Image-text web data
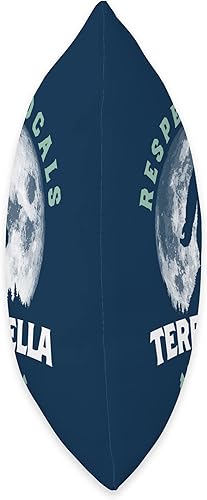 Miniatura 2 de Terra Bella California Bigfoot Night Walk Retro Throw Pillow, 18x18, Multicolor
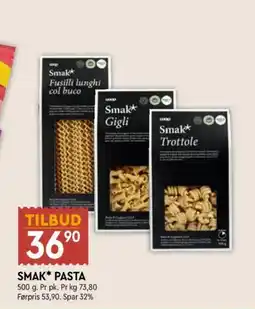 Coop Mega Smak* Pasta tilbud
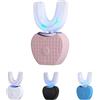 JXpxbao Sonic Brush Spazzolino Elettrico U-Shaped per Adulti - Pulizia Automatica e Sbiancamento dei Denti, Sonic Brush Spazzolino Elettrico a 360° Con Pulizia Automatica (Pink)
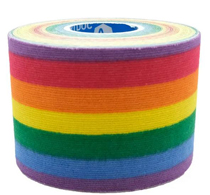 Sportdoc kinesiologi 5m*50mm rainbow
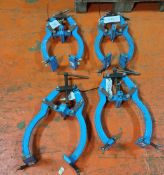 4x Dearman E-Z12 - Pipe Clamps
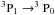 Mathematical equation: \hbox{$^3{\rm P}_1\to^3{\rm P}_0$}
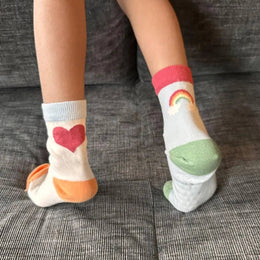 Q for Quinn - Mixed Patterns Kids Socks (3-pack) - 98% Organic Cotton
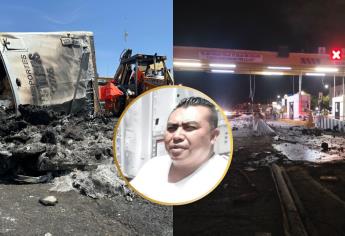 Identifican al trailero que murió calcinado en accidente de la caseta de Alhuey, Angostura
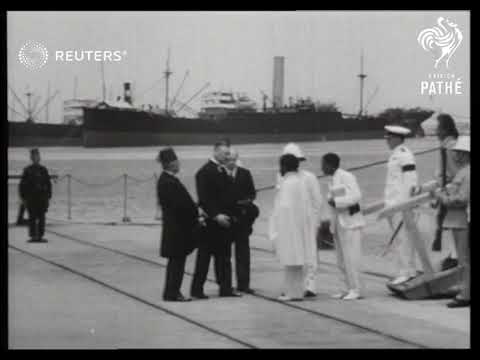 PALESTINE: Emperor Haile Selassie arriving in Jerusalem (1936)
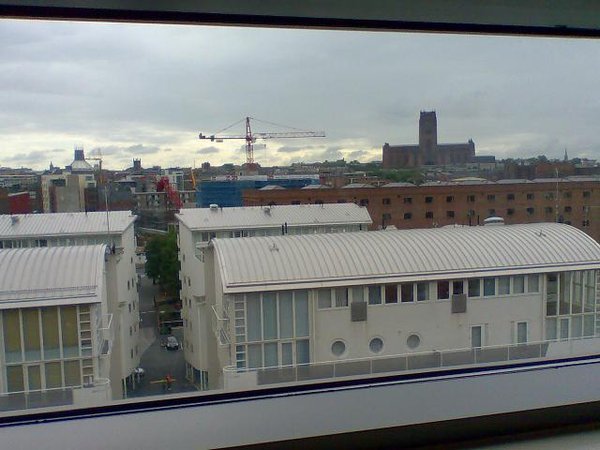 Liverpool, view from our window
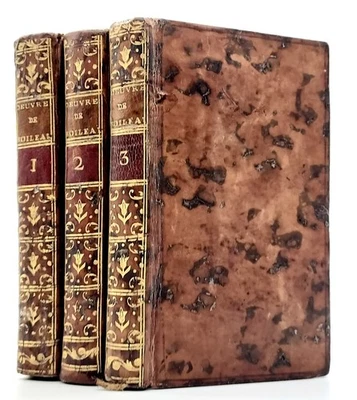 OEUVRES de M. BOILEAU DESPREAUX. 1768, 3 volumes - Photo 1/2
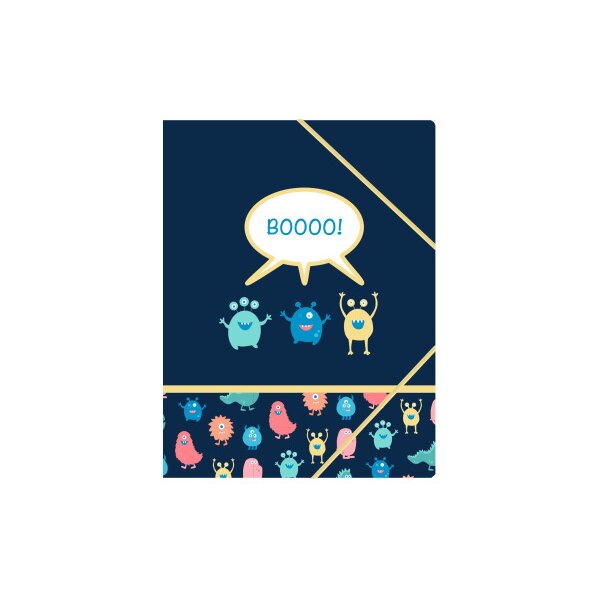 ANCOR Gummibandmappe A4 103953 PLAY ME Boo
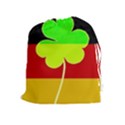 Irish German Germany Ireland Funny St Patrick Flag Drawstring Pouches (Extra Large) View1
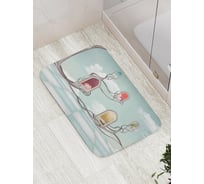 Коврик противоскользящий JoyArty "Небесные порталы" для ванной, сауны, бассейна, bath_18182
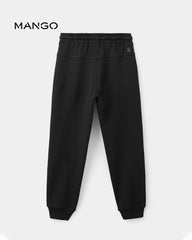 MANGO BLACK LOOSE FIT JOGGER TROUSER 37083274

**Instructions for the task:**
Output every entry exactly as given; pictures are not part of the copy.

**Exercise answer:**
 Miniatura 2 de Terra Bella California Bigfoot Night Walk Retro Throw Pillow, 18x18, Multicolor
 Coop Mega Smak* Pasta tilbud
 JXpxbao Sonic Brush Spazzolino Elettrico U-Shaped per Adulti - Pulizia Automatica e Sbiancamento dei Denti, Sonic Brush Spazzolino Elettrico a 360° Con Pulizia Automatica (Pink)
 Sportdoc kinesiologi 5m*50mm rainbow
 4x Dearman E-Z12 - Pipe Clamps
 Mathematical equation: \hbox{$^3{\rm P}_1\to^3{\rm P}_0$}
 Q for Quinn - Mixed Patterns Kids Socks (3-pack) - 98% Organic Cotton
 Identifican al trailero que murió calcinado en accidente de la caseta de Alhuey, Angostura
 PALESTINE: Emperor Haile Selassie arriving in Jerusalem (1936)
 Liverpool, view from our window
 OEUVRES de M. BOILEAU DESPREAUX. 1768, 3 volumes - Photo 1/2
 ANCOR Gummibandmappe A4 103953 PLAY ME Boo
 Irish German Germany Ireland Funny St Patrick Flag Drawstring Pouches (Extra Large) View1
 Коврик противоскользящий JoyArty "Небесные порталы" для ванной, сауны, бассейна, bath_18182
 MANGO BLACK LOOSE FIT JOGGER TROUSER 37083274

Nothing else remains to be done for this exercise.